* [Task goal] Lines to be reproduced exactly: the one that holds "2004 Pursuit 2870" and all those after it through the end of the data. Include no others.

* [Records supplied]
+-------+
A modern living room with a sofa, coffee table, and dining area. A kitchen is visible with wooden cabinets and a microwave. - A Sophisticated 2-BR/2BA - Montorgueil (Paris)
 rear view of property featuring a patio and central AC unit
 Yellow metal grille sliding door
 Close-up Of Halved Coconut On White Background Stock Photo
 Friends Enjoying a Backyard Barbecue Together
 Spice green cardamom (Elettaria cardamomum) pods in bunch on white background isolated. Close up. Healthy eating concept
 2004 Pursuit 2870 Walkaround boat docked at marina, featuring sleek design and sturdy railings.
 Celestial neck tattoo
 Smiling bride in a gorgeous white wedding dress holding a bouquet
+-------+
* [Exercise answer]
 2004 Pursuit 2870 Walkaround boat docked at marina, featuring sleek design and sturdy railings.
 Celestial neck tattoo
 Smiling bride in a gorgeous white wedding dress holding a bouquet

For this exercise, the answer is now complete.